** Directions for this task **
Among the entries below, extract exactly the lines that run from the one with "Givenchy Green Square Unisex Sunglasses GV" through the one with "vikki dougan opens", both ends included.

====== Materials provided

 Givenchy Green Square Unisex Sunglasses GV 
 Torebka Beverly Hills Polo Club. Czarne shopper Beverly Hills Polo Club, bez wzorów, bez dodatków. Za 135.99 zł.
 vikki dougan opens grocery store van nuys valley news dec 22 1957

============
====== Materials provided

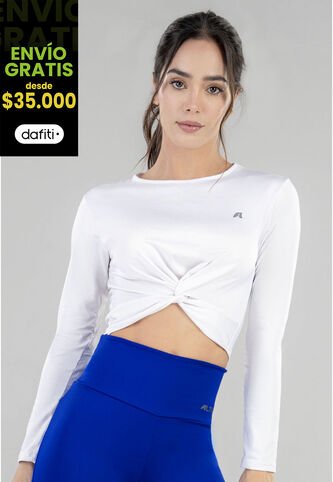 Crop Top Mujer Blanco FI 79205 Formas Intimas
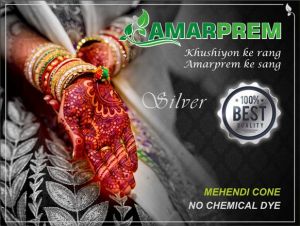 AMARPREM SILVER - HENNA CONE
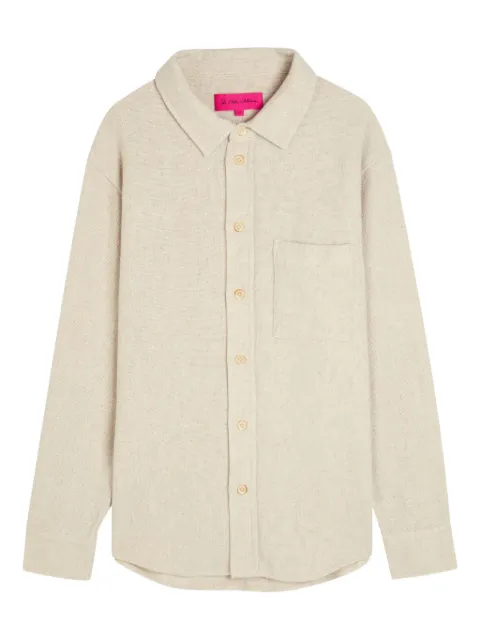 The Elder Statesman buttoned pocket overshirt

============

** Task answer **
 Givenchy Green Square Unisex Sunglasses GV 
 Torebka Beverly Hills Polo Club. Czarne shopper Beverly Hills Polo Club, bez wzorów, bez dodatków. Za 135.99 zł.
 vikki dougan opens grocery store van nuys valley news dec 22 1957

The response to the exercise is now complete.